A promise as large as a referendum doesn't get forgotten. Not having one would have basically assured no Conservative government in 2020, so from Dave's perspective it had to be done.
It's now all about how Brussels want to take this: Keep the UK as a key client for a lot of German and French exports at the cost of looking lenient and risk countries like Greece and Italy with their own independence movements gathering traction or try to make an example of the UK and risk losing a great deal of trade. Obviously it's going to fall somewhere in the middle, but the initial murmurs from Germany are that they want to approach this cautiously. My feeling is that they're going to have some extremely drawn-out conversations over the next 12 months and there's going to be the usual trickle of information feeding into the public.

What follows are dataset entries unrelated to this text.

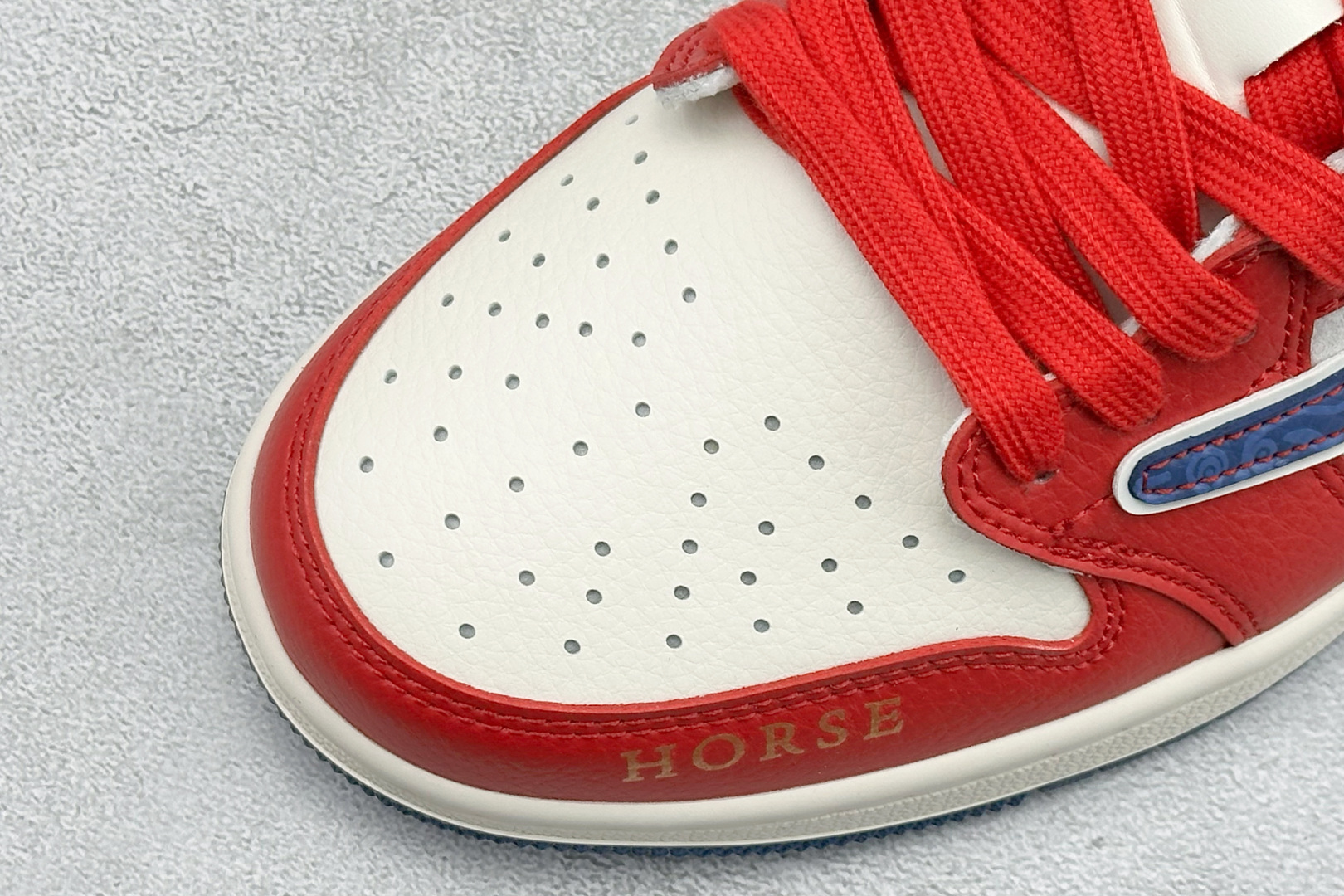 Air Jordan 1 Low AJ1 乔1 马年限定 高端定制 低帮倒钩复古篮球鞋 LX1988-802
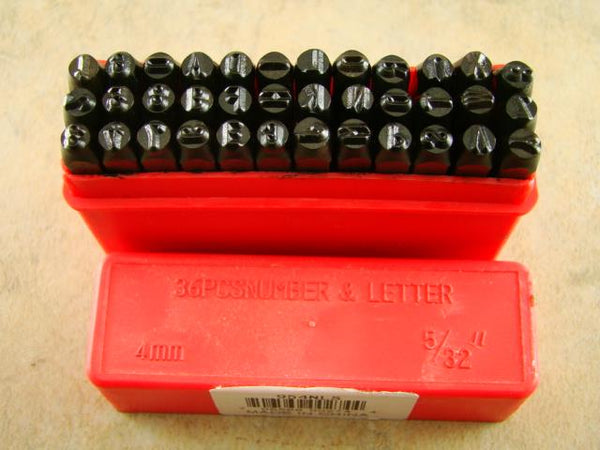 5/32"  4MM Letter & Number Punch Stamp Set  Metal-Steel Serial# Trailers Tools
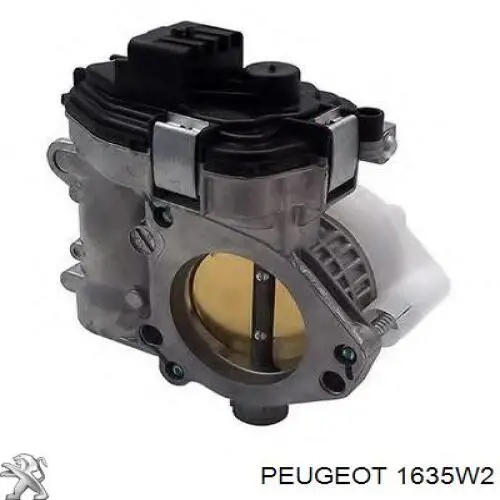 Przepustnica, komplet Peugeot/Citroen 1635W2 cena, od 57,89 USD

Wild speculation: I think they're going to remove a lot of the social benefits and keep the economical ones. i.e. removing the right to free movement without a visa, but leaving current trade deals largely intact. The EU doesn't want a recession, but they still have to look like they're sticking it to the UK a bit - largely social benefit removal would be a good way to do this. Making a big fuss over withdrawing the money they send us for infrastructure etc. because it'll make headline but ultimately isn't a huge deal like some of the more complex trade is.
Still, really wanted to see a properly united Europe with the fat trimmed off (low economic performers with semi-corrupt governments like Greece) and a centralised government that doesn't just dip its hand in when it wants to like Brussels does/did, but is instead a fairly elected and properly weighted parliament based on concentration of population (i.e. the UK - for example - would get more representation as it has a far denser population than say Czech Republic. State system like the US in that state-level laws can still be made. My opinion is still that we could have worked towards this quicker from the inside, but yeh.
I just feel like the vote last week has meant I will never see this in my lifetime now, and that's pretty saddening. It's the natural course of things for countries to merge and for larger territories to be governed by a single system (it's just always going to be more efficient), and I think this is going to be the wake-up call for the EU to start reforming the way it governs. It's just a shame that we had to be the ones on the outside rather than any other country.